**EXERCISE INPUT:**

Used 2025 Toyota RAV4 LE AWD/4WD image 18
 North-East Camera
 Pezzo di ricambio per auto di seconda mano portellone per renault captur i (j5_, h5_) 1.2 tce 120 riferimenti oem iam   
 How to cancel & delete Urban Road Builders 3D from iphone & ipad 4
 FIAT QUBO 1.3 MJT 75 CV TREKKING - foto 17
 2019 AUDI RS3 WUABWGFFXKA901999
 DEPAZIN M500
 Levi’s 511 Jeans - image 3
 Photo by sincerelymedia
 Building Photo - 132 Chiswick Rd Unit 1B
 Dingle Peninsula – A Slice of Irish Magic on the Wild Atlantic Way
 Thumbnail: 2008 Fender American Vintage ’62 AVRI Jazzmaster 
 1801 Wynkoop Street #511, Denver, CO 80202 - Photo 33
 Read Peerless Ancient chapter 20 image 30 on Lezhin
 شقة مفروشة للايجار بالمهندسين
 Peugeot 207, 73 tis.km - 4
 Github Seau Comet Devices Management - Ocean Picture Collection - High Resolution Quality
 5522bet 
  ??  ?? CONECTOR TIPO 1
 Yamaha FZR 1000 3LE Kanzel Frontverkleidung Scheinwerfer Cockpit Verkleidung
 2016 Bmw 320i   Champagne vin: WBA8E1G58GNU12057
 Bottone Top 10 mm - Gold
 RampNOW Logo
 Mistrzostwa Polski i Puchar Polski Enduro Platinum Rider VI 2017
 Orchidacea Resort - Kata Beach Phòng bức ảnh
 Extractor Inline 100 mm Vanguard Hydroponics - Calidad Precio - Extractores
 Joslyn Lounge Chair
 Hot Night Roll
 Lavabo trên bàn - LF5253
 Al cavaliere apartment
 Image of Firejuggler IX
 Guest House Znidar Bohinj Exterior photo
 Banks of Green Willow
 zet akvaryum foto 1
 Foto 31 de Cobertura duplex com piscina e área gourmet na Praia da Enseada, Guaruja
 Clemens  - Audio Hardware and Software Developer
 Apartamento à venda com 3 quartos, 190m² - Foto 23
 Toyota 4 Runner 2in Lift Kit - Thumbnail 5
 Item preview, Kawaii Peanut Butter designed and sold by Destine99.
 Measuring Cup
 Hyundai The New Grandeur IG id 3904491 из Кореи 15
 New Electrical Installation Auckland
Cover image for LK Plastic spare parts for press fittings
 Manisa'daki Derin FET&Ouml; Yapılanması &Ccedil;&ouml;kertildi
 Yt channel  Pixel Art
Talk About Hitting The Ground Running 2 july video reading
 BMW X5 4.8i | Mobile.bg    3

**PROBLEM:**
What is needed is an exact copy of all the entries.

**TASK SOLUTION:**
Used 2025 Toyota RAV4 LE AWD/4WD image 18
 North-East Camera
 Pezzo di ricambio per auto di seconda mano portellone per renault captur i (j5_, h5_) 1.2 tce 120 riferimenti oem iam   
 How to cancel & delete Urban Road Builders 3D from iphone & ipad 4
 FIAT QUBO 1.3 MJT 75 CV TREKKING - foto 17
 2019 AUDI RS3 WUABWGFFXKA901999
 DEPAZIN M500
 Levi’s 511 Jeans - image 3
 Photo by sincerelymedia
 Building Photo - 132 Chiswick Rd Unit 1B
 Dingle Peninsula – A Slice of Irish Magic on the Wild Atlantic Way
 Thumbnail: 2008 Fender American Vintage ’62 AVRI Jazzmaster 
 1801 Wynkoop Street #511, Denver, CO 80202 - Photo 33
 Read Peerless Ancient chapter 20 image 30 on Lezhin
 شقة مفروشة للايجار بالمهندسين
 Peugeot 207, 73 tis.km - 4
 Github Seau Comet Devices Management - Ocean Picture Collection - High Resolution Quality
 5522bet 
  ??  ?? CONECTOR TIPO 1
 Yamaha FZR 1000 3LE Kanzel Frontverkleidung Scheinwerfer Cockpit Verkleidung
 2016 Bmw 320i   Champagne vin: WBA8E1G58GNU12057
 Bottone Top 10 mm - Gold
 RampNOW Logo
 Mistrzostwa Polski i Puchar Polski Enduro Platinum Rider VI 2017
 Orchidacea Resort - Kata Beach Phòng bức ảnh
 Extractor Inline 100 mm Vanguard Hydroponics - Calidad Precio - Extractores
 Joslyn Lounge Chair
 Hot Night Roll
 Lavabo trên bàn - LF5253
 Al cavaliere apartment
 Image of Firejuggler IX
 Guest House Znidar Bohinj Exterior photo
 Banks of Green Willow
 zet akvaryum foto 1
 Foto 31 de Cobertura duplex com piscina e área gourmet na Praia da Enseada, Guaruja
 Clemens  - Audio Hardware and Software Developer
 Apartamento à venda com 3 quartos, 190m² - Foto 23
 Toyota 4 Runner 2in Lift Kit - Thumbnail 5
 Item preview, Kawaii Peanut Butter designed and sold by Destine99.
 Measuring Cup
 Hyundai The New Grandeur IG id 3904491 из Кореи 15
 New Electrical Installation Auckland
Cover image for LK Plastic spare parts for press fittings
 Manisa'daki Derin FET&Ouml; Yapılanması &Ccedil;&ouml;kertildi
 Yt channel  Pixel Art
Talk About Hitting The Ground Running 2 july video reading
 BMW X5 4.8i | Mobile.bg    3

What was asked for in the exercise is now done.